Question d’un spectateur à propos de la loi anti-casseurs :
Lors de la conversation sur la loi-anti casseurs, il a été question deux fois de la loi sur la déchéance de nationalité. Le problème du rapatriement des djihadistes Français actuellement en Syrie va se poser dans très peu de temps. Qu’en pensez-vous ?

Marc-Olivier Padis (MOP) :
C’est un sujet compliqué qui mériterait à lui seul une émission, et cette question fait d’autant plus sens que les Britanniques ont décidé d’appliquer la déchéance de nationalité dans des cas similaires. S’ils ne sont « que » Britanniques et déchus de leur nationalité, ils deviennent alors apatrides, et comment sont-il traités d’un point de vue judiciaire dans ce cas ? MOP l’ignore.

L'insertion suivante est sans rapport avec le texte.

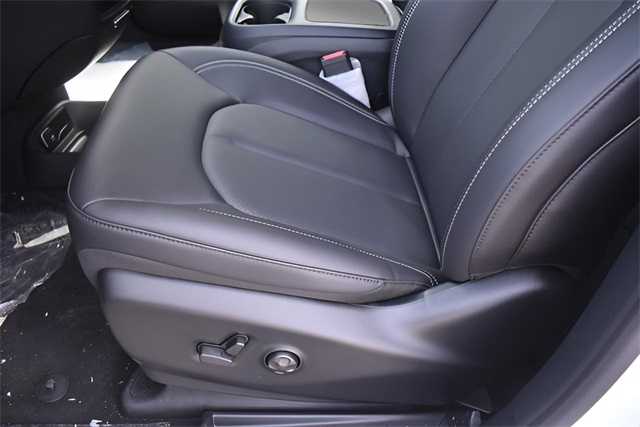 2025 Chrysler Pacifica photo 12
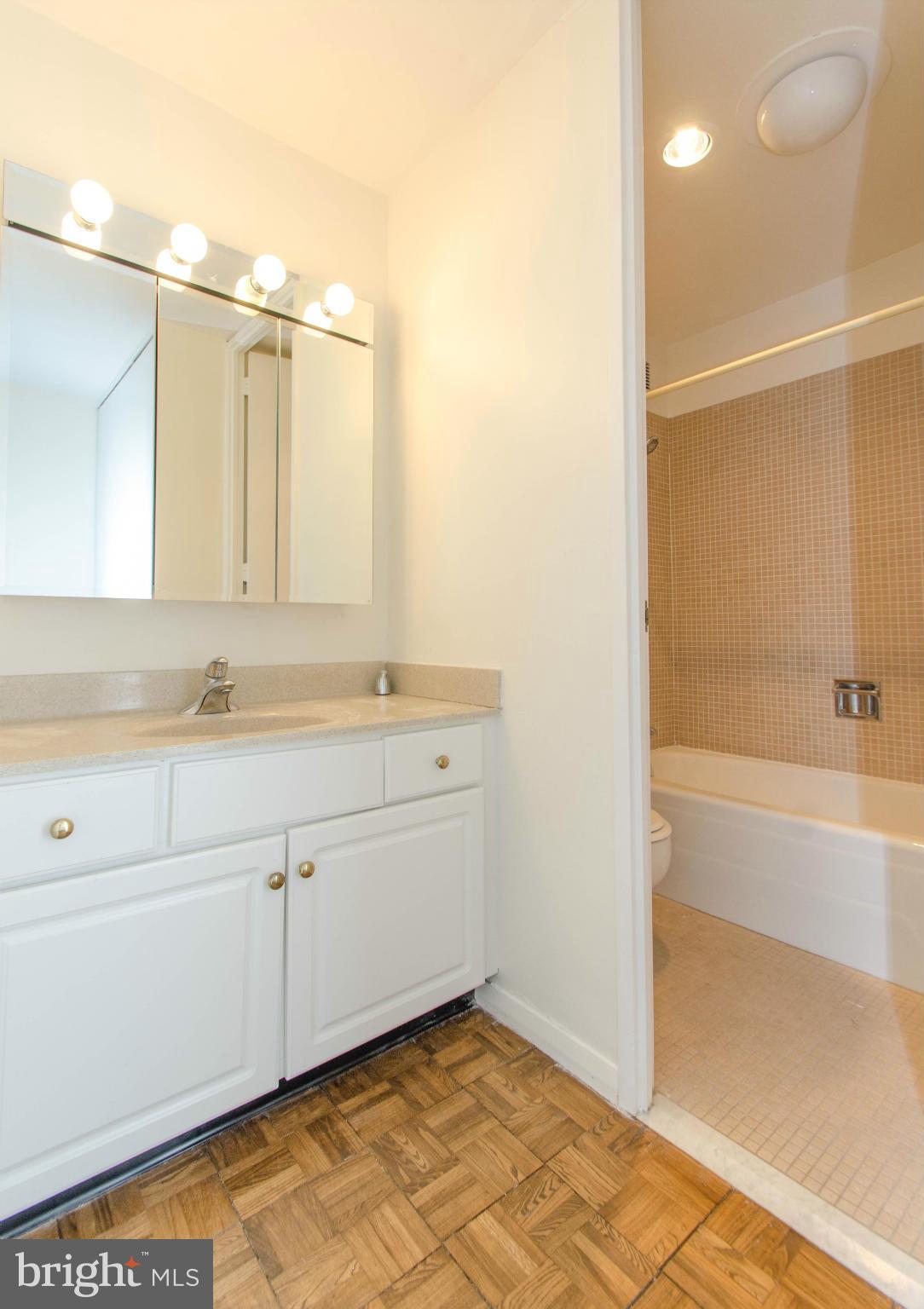 GUILFORD - Residential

S’ils sont par exemple Pakistano-Britanniques, ils seront alors envoyés au Pakistan. Quel bénéfice y a-t-il à les laisser aller au Pakistan ? MOP est perplexe : n’y a-t-il pas un risque qu’ils ne soient pas inquiétés là-bas et qu’ils restent des menaces ? Il paraît donc préférable à MOP que les djihadistes Français soient jugés en France. Même si la question de l’équité de leur procès se pose vu les circonstances. Obtenir des preuves des actions commises en Syrie s’avèrera pour le moins difficile. Ayant pris les armes contre leur pays, leur cas est prévu dans le code pénal français, on n’a donc pas a priori besoin de la déchéance de nationalité.

Lucile Schmid (LS) :
LS partage l’avis de MOP. Une procédure judiciaire lui paraît préférable, même si elle en voit les difficultés. Il y a encore en France des personnes de nationalités Française tentés par le terrorisme. Vers quoi va-t-on alors ? Nous regardons ces procès avec appréhension, car ils nous font réaliser ce que nous sommes en tant que société. Pour LS, il faudrait le faire, précisément parce que ce sera très difficile. Cette radicalisation est profondément implantée, il faut avoir le courage de l’affronter, en faisant confiance à notre justice.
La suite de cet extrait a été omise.